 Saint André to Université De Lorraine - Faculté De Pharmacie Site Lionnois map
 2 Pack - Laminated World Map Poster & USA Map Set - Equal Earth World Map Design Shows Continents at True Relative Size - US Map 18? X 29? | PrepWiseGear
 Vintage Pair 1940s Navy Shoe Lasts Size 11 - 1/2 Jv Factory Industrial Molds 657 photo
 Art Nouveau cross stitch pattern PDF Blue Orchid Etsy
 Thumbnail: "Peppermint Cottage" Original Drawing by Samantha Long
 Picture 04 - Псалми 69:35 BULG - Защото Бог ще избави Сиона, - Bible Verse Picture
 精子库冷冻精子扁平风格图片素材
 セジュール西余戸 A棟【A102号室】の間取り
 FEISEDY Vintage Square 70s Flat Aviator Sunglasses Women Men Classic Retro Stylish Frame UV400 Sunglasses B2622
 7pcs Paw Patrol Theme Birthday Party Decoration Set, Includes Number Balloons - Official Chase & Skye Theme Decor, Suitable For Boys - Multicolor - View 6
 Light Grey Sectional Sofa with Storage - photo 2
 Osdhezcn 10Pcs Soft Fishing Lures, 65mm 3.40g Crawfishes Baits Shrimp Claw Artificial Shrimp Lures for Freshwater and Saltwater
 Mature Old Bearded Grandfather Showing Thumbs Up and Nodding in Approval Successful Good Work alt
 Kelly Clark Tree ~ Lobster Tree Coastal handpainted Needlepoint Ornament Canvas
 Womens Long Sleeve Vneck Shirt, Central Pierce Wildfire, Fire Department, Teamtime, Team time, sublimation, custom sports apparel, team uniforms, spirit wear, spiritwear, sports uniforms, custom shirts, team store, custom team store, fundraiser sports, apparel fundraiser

|---|

→ The task: Taking the records above, retype every line from the one with "Picture 04 - Псалми" down to the one with "Light Grey Sectional", exactly and with nothing else.

→ Output below:
 Picture 04 - Псалми 69:35 BULG - Защото Бог ще избави Сиона, - Bible Verse Picture
 精子库冷冻精子扁平风格图片素材
 セジュール西余戸 A棟【A102号室】の間取り
 FEISEDY Vintage Square 70s Flat Aviator Sunglasses Women Men Classic Retro Stylish Frame UV400 Sunglasses B2622
 7pcs Paw Patrol Theme Birthday Party Decoration Set, Includes Number Balloons - Official Chase & Skye Theme Decor, Suitable For Boys - Multicolor - View 6
 Light Grey Sectional Sofa with Storage - photo 2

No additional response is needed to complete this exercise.